§ **Assignment**
When the string "Decoration" is part of a line below, that line should be copied.

*-*-*

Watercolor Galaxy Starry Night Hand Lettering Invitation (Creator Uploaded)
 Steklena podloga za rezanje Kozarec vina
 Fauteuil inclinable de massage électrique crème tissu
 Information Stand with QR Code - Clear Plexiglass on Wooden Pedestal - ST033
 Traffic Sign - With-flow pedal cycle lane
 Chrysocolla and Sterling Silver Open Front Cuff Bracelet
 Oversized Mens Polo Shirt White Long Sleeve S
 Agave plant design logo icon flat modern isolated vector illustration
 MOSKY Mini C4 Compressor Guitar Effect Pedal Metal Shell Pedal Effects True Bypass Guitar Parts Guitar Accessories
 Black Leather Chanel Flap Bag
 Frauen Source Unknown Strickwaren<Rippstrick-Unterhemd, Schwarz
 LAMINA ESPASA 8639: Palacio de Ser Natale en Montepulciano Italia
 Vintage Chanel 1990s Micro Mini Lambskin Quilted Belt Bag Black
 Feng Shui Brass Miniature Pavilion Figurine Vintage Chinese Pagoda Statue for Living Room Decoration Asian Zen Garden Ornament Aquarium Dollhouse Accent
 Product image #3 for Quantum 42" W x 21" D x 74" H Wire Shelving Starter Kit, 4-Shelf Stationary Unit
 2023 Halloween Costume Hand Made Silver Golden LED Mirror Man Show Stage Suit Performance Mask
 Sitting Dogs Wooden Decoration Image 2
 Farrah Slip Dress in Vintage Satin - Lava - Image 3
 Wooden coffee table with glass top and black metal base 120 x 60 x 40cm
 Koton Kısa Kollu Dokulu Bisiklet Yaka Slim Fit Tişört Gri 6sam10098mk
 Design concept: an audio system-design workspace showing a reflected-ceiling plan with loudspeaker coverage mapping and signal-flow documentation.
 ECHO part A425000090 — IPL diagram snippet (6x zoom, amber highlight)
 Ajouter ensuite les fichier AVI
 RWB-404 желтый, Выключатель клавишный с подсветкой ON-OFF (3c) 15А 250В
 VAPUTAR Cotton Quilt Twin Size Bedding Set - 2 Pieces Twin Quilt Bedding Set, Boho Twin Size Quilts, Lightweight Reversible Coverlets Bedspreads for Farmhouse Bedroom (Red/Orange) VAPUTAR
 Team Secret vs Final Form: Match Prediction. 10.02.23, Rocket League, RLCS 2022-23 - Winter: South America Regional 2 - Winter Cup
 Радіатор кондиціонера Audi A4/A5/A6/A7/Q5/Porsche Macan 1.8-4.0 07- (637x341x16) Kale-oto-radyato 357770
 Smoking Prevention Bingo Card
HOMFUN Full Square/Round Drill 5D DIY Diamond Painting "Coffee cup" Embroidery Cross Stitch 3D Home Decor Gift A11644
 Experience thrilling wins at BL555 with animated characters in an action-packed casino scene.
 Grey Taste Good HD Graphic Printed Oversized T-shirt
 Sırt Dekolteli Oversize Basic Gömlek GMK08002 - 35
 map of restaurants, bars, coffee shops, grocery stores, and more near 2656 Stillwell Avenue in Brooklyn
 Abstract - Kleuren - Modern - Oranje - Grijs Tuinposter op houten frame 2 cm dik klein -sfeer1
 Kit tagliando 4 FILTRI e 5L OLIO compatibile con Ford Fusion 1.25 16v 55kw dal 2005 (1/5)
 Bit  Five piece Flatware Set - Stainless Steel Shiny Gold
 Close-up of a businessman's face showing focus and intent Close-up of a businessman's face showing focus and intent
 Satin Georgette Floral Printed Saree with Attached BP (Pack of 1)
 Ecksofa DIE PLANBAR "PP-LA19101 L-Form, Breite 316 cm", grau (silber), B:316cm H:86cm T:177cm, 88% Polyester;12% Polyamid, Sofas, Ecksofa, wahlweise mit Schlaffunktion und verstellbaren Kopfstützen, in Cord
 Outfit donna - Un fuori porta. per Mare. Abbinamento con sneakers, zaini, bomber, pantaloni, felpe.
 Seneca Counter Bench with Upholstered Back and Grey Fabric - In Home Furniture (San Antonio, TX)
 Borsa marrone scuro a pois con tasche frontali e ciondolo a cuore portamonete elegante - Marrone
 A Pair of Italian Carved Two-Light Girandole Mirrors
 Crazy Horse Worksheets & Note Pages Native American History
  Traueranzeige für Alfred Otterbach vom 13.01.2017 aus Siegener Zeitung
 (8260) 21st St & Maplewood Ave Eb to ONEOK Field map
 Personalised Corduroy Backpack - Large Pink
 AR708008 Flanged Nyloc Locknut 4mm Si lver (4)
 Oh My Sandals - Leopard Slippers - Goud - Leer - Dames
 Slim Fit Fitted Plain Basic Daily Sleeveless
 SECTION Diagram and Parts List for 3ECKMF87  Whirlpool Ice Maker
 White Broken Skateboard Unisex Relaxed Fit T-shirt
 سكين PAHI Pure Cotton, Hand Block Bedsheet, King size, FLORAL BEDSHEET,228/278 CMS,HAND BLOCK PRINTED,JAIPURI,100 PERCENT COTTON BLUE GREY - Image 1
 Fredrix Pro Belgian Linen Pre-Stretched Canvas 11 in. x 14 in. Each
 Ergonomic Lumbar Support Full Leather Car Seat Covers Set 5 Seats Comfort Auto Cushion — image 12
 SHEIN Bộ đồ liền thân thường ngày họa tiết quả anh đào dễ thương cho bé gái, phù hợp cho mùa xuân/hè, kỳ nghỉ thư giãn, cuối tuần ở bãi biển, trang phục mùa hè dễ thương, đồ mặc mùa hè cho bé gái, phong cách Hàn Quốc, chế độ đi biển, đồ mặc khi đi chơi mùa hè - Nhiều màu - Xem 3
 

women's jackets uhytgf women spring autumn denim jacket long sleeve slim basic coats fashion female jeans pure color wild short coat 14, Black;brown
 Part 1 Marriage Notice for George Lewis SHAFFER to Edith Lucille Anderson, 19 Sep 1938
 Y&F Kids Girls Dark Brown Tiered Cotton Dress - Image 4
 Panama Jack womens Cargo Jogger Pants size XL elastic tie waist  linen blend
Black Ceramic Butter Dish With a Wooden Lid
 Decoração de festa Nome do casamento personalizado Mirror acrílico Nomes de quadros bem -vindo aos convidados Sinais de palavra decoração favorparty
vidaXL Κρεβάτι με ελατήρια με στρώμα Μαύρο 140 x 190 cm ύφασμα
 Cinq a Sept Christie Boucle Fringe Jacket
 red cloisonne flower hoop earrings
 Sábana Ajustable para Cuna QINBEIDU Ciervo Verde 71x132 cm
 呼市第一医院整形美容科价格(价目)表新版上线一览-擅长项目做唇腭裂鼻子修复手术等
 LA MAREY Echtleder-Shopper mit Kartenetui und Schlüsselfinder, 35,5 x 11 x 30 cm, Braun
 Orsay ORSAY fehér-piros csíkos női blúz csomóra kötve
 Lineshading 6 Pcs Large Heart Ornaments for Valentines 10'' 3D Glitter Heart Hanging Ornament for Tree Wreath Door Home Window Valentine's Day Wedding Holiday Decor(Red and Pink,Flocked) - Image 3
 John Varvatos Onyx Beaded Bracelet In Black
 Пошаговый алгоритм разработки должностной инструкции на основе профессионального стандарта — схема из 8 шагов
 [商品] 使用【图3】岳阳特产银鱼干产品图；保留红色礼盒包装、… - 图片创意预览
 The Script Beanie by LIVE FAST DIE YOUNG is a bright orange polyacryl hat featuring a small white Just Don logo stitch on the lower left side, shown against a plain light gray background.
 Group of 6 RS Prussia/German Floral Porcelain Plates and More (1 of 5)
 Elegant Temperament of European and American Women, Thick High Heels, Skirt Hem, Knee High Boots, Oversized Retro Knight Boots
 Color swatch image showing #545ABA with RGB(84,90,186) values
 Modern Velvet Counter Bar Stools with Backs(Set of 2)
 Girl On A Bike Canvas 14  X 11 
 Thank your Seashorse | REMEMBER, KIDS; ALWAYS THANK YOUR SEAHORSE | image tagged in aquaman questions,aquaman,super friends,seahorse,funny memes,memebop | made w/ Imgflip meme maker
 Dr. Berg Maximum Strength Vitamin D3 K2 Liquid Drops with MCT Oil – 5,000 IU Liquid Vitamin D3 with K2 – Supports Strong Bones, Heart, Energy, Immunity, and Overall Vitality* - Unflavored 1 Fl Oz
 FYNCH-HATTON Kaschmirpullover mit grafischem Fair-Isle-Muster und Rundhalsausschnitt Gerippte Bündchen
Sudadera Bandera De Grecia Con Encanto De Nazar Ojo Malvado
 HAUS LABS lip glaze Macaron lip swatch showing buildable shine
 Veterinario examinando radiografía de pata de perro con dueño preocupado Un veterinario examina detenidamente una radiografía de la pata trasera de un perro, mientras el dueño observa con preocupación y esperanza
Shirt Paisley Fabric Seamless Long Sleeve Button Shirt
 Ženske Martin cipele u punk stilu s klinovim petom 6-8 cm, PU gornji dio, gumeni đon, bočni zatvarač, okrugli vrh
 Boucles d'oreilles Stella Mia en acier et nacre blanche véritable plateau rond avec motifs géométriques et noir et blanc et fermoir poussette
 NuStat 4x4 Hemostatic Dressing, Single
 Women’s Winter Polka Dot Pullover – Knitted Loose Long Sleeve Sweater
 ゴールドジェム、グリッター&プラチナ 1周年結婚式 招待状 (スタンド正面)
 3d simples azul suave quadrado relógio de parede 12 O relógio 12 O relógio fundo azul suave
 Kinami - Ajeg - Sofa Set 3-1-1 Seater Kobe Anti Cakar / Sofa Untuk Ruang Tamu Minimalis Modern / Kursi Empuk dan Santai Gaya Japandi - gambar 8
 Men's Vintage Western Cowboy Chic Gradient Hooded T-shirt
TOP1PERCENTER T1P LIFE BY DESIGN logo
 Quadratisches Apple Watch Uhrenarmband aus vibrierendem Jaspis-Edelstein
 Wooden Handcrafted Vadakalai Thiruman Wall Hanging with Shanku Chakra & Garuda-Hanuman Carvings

*-*-*

§ **Reply**
 Feng Shui Brass Miniature Pavilion Figurine Vintage Chinese Pagoda Statue for Living Room Decoration Asian Zen Garden Ornament Aquarium Dollhouse Accent
 Sitting Dogs Wooden Decoration Image 2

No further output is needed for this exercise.